Sadly, std.array is determined to decode (i.e. convert to dchar[]) all your 
strings when they are used as ranges. This means that all algorithms on strings 
will be crippled as far as performance goes.

http://dlang.org/glossary.html#narrow strings

Very, very few operations on strings need decoding. The decoding should have 
gone into a separate layer.

Nov 28 2013

"Jakob Ovrum" <jakobovrum gmail.com> writes:

On Thursday, 28 November 2013 at 09:02:12 UTC, Walter Bright 
wrote:
 Sadly, std.array is determined to decode (i.e. convert to 
 dchar[]) all your strings when they are used as ranges. This 
 means that all algorithms on strings will be crippled as far as 
 performance goes.

 http://dlang.org/glossary.html#narrow strings

 Very, very few operations on strings need decoding. The 
 decoding should have gone into a separate layer.

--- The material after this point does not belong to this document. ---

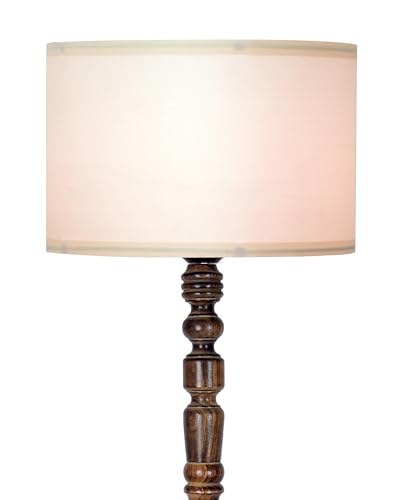 Image of Homesake Rustic Wood Floor Lamp for Living Room Walnut Brown with Shade | Light Decoration for Home Side Lamp for Living Room | Antique Floor Light, Candlestick, KD Off-White Drum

Decoding by default means that algorithms can work reasonably 
with strings without being designed specifically for strings. The 
algorithms can then later be specialized for narrow strings, 
which I believe is happening for a few algorithms in 
std.algorithm like substring search.

Decoding is still available as a separate layer through std.utf, 
when more control over decoding is required.

Nov 28 2013

"bearophile" <bearophileHUGS lycos.com> writes:

Walter Bright:

 This means that all algorithms on strings will be crippled
 as far as performance goes.

If you want to sort an array of chars you need to use a dchar[], 
or code like this:

char[] word = "just a test".dup;
auto sword = cast(char[])word.representation.sort().release;

See:
http://d.puremagic.com/issues/show_bug.cgi?id=10162

Bye,
bearophile

Nov 28 2013

"monarch_dodra" <monarchdodra gmail.com> writes:

On Thursday, 28 November 2013 at 09:02:12 UTC, Walter Bright
wrote:
 Sadly,

I think it's great. It means by default, your strings will always
be handled correctly. I think there's quite a few algorithms that
were written without ever taking strings into account, but still
happen to work with them.

 std.array is determined to decode (i.e. convert to dchar[]) all 
 your strings when they are used as ranges.
 This means that all algorithms on
 strings will be crippled as far as performance goes.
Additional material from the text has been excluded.